A vet condition-scored the cows last autumn “making sure they were in the right condition to dry off”.

“Then on the first day of mating we did 450 cows with Controlled Internal Drug Releases – known as CIDRs – to fix the six-week in-calf rate,” says Tim.

“At 83 per cent it was well under where we wanted to be. We did 450 cows and shortened mating length by 18 days – and got the same empty rates. And we had a faster build-up of milk production.

“Production has increased from 480kgMS per cow to 510kgMS. We’re up 40,000kgMS on last season. If we contribute 30 per cent of that to early milk it’s net saving or gain of $50,000.”

This year cows had longer to cycle and produced similar results “and we only used 100 CIDRs”.

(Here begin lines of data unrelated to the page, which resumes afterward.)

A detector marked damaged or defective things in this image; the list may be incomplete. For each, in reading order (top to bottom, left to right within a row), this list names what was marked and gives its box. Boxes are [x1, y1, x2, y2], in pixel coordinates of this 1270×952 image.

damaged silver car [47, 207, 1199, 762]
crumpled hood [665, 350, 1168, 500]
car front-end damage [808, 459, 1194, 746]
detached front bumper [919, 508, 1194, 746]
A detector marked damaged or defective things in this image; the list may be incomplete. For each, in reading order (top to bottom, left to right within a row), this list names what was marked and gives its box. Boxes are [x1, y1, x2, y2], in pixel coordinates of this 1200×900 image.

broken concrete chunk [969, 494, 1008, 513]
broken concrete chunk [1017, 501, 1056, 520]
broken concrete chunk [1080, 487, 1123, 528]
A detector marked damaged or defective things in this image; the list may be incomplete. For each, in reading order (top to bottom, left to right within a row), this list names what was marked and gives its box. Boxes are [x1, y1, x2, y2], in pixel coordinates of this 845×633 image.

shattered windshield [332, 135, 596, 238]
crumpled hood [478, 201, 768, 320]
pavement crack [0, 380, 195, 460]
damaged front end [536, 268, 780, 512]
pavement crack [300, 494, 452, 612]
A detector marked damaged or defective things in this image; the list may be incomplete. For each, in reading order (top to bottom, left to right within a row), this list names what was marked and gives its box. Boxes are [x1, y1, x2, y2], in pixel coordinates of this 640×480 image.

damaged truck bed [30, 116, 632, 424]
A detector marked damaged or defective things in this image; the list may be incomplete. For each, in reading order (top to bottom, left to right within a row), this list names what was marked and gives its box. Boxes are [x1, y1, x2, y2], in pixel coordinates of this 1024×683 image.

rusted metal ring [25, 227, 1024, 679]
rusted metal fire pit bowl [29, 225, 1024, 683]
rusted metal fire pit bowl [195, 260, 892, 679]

Tim and Melissa also want to farm sustainably, so looked at antibiotic use. “Last year we treated 260 cows with antibiotics for mastitis and lameness. This year we teat-sealed for mastitis and only treated 37 cows compared to 97 last year.

“Last year we treated 104 cows for lameness,” says Tim, who says their biggest issue is footrot.

“This year, every milking we’d clean out the foot and apply copper sulfate and only had to treat 11 cows. “It’s made a huge difference and put more milk in the vat.”

For effluent, a new storage pond is being built. And Melissa says all waterways have been fenced but they repaired one where water levels had risen. “With riparian planting well-established it’s just maintenance.”

She’s also introduced new sustainability procedures. “We’re power-vigilant and careful with hot water usage.” Tim has a song for staff to sing if they leave lights on.

“We save plant water to wash our calf equipment. Have a skip bin on-farm – so no rubbish holes. And I require all staff to recycle,” says Melissa

“This season we’ve created recycling bins at the cowshed. Anything that can be recycled goes in these – mag bags, plastics, glass, cardboard packaging, plastic caps off spray-cans, big drums, silage wrap etc.”

“And we re-use as much as possible.”

The couple have also reduced nitrogen dressings – following Trinity Lands’ policy to not apply N in winter months, when soil temperature is below 10 degrees Celsius, or before large rainfall is forecast.

“There’s no point putting it on and letting it get washed into waterways,” says Trinity Lands’ general manager Andrew Archer.

“It’s about managing the climate and when you’re actually going to get a response from applications. Running it into our river is bad for the environment but also bad for our bank balance – it’s just wasting money.”

Tim and Melissa say they couldn’t have won the SFOTY title – and five merit awards for leadership, health and safety, recording and productivity, farm environment, and pasture performance – without their staff.

“You can’t run the farm without them – they’re trained and competent and a big part of our team.”